Un giorno non troppo lontano gli utenti saranno in grado di interagire con i siti Web che visitano più spesso anche in modalità offline, grazie ad un nuovo standard per la navigazione chiamato Service Workers e sviluppato da Google. A parlarne è stato l’ingegnere software Alex Russell del motore di ricerca, in occasione della conferenza Velocity andata in scena nei giorni scorsi a New York.
Il gruppo di Mountain View ha inoltrato una proposta al W3C (World Wide Web Consortium) per far sì che lo standard possa essere implementato in futuro nei software per la navigazione, a partire da Chrome che lo introdurrà entro la fine dell’anno. Tecnicamente si tratta di uno spazio gestito dal browser in cui salvare documenti, immagini, codice HTML e altre componenti delle pagine Web, in modo da renderle accessibili anche offline, ovvero quando non si dispone di una connessione Internet. Grazie a questo approccio gli sviluppatori potranno far sì che un sito scarichi nella memoria interna (dello smartphone, così come di un computer portatile) alcune informazioni basilari da mostrare anche in assenza di accesso alla Rete, ad esempio l’homepage.
Per capirne il funzionamento si può pensare ad un utente che entra in metropolitana. Mentre sta aspettando il treno inizia a navigare senza problemi, ma non appena lasciata la stazione non è più disponibile alcune rete mobile a cui agganciarsi, con l’inevitabile comparsa di un errore.

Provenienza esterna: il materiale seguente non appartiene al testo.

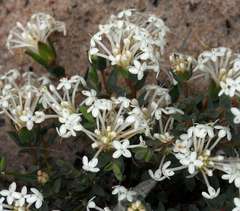 Pimelea glauca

Grazie ai dati salvati da Service Workers, invece, al suo posto potrebbe essere visualizzata la pagina principale del portale, in attesa che venga ripristinata la connettività per scaricare nuovi aggiornamenti.
Una soluzione di questo tipo presenta pro e contro. I vantaggi, oltre a quelli già elencati, potrebbero essere rappresentati da una navigazione più rapida e veloce in mobilità, riducendo il quantitativo di banda necessario per il download delle informazioni, già immagazzinate nello storage. Il rovescio della medaglia è invece costituito dalla necessità di occupare spazio in locale e in una potenza di calcolo maggiore richiesta per il rendering delle pagine (devono essere messi insieme dati online e altri offline), con una conseguente riduzione dell’autonomia nel caso di dispositivi mobile.
Non è la prima volta che Google si interessa alla questione: diversi anni fa, più precisamente nel 2008, ha dichiarato guerra all’errore 404, con una proposta che non ha però raccolto il successo sperato. L’approccio odierno al problema è però diverso, evoluto e ispirato al funzionamento delle applicazioni native, che nella maggior parte dei casi possono funzionare (seppur con alcune limitazioni) anche senza un accesso a Internet.